**EXERCISE DETAILS**
Will you write out the data exactly, excluding every picture?

**SOURCE MATERIAL**
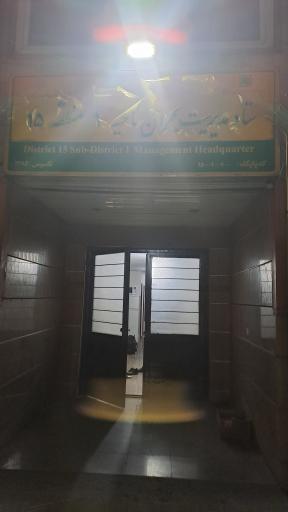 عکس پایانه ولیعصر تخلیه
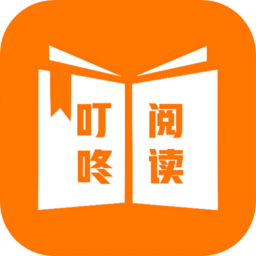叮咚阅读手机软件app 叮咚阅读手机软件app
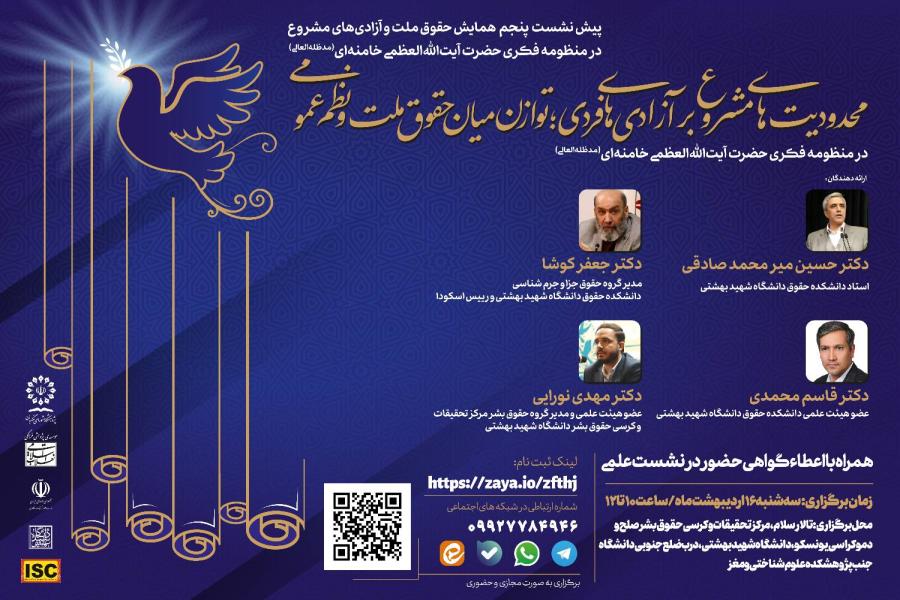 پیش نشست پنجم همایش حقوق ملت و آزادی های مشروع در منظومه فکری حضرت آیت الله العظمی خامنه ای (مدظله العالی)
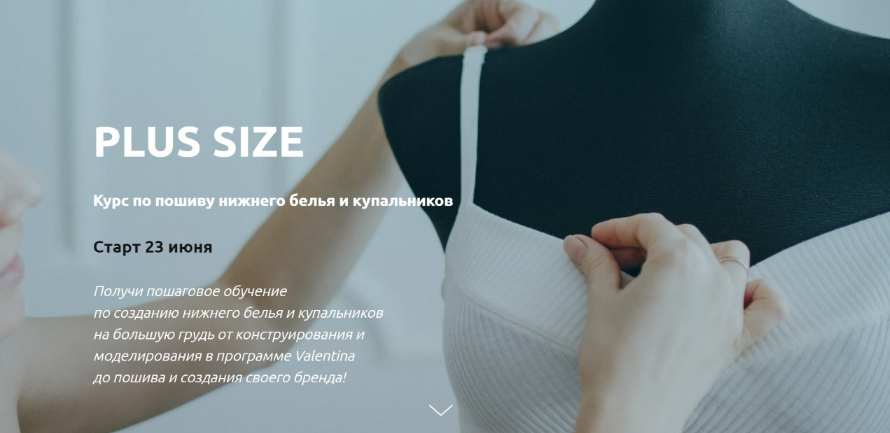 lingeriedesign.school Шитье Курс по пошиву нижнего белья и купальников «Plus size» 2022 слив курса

**RESPONSE**
 عکس پایانه ولیعصر تخلیه
叮咚阅读手机软件app 叮咚阅读手机软件app
 پیش نشست پنجم همایش حقوق ملت و آزادی های مشروع در منظومه فکری حضرت آیت الله العظمی خامنه ای (مدظله العالی)
 lingeriedesign.school Шитье Курс по пошиву нижнего белья и купальников «Plus size» 2022 слив курса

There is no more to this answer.